■ REQUIREMENT:
Given these entries, repeat exactly the lines starting with the one that has "What's going on" and going on through the one that has "In pure water at", both included, but none of the pictures.

■ TASK DATA:

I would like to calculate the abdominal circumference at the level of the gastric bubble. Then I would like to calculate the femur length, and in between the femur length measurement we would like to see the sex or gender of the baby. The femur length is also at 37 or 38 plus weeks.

--

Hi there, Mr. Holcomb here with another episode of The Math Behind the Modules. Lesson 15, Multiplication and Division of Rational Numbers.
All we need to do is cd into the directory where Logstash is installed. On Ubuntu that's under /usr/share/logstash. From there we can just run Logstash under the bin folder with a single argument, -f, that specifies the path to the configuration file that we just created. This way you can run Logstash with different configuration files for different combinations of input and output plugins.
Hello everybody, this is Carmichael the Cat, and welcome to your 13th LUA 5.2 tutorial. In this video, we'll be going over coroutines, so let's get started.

==

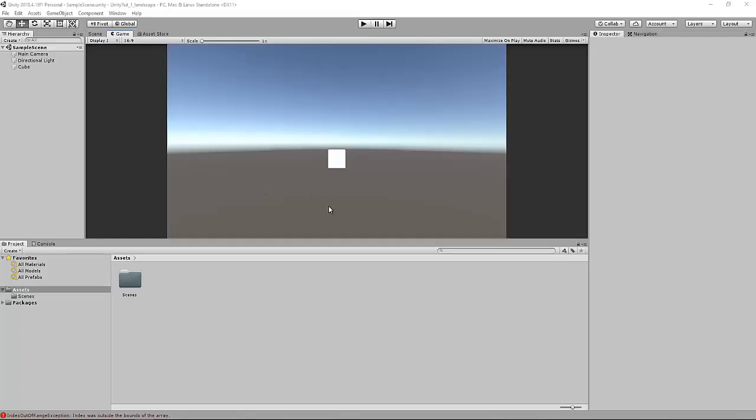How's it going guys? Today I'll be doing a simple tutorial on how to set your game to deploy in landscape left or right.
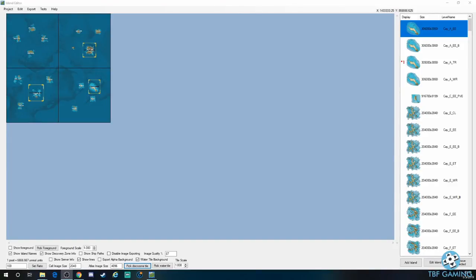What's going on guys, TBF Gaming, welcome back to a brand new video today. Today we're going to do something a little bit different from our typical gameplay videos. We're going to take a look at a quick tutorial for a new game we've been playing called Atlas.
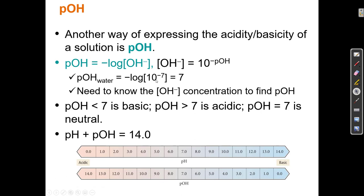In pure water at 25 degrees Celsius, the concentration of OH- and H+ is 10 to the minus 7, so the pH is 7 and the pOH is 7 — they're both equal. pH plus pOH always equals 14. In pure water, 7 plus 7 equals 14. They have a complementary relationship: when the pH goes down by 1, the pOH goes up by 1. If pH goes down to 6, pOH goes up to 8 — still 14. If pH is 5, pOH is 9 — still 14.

■ ANSWER:
What's going on guys, TBF Gaming, welcome back to a brand new video today. Today we're going to do something a little bit different from our typical gameplay videos. We're going to take a look at a quick tutorial for a new game we've been playing called Atlas.
In pure water at 25 degrees Celsius, the concentration of OH- and H+ is 10 to the minus 7, so the pH is 7 and the pOH is 7 — they're both equal. pH plus pOH always equals 14. In pure water, 7 plus 7 equals 14. They have a complementary relationship: when the pH goes down by 1, the pOH goes up by 1. If pH goes down to 6, pOH goes up to 8 — still 14. If pH is 5, pOH is 9 — still 14.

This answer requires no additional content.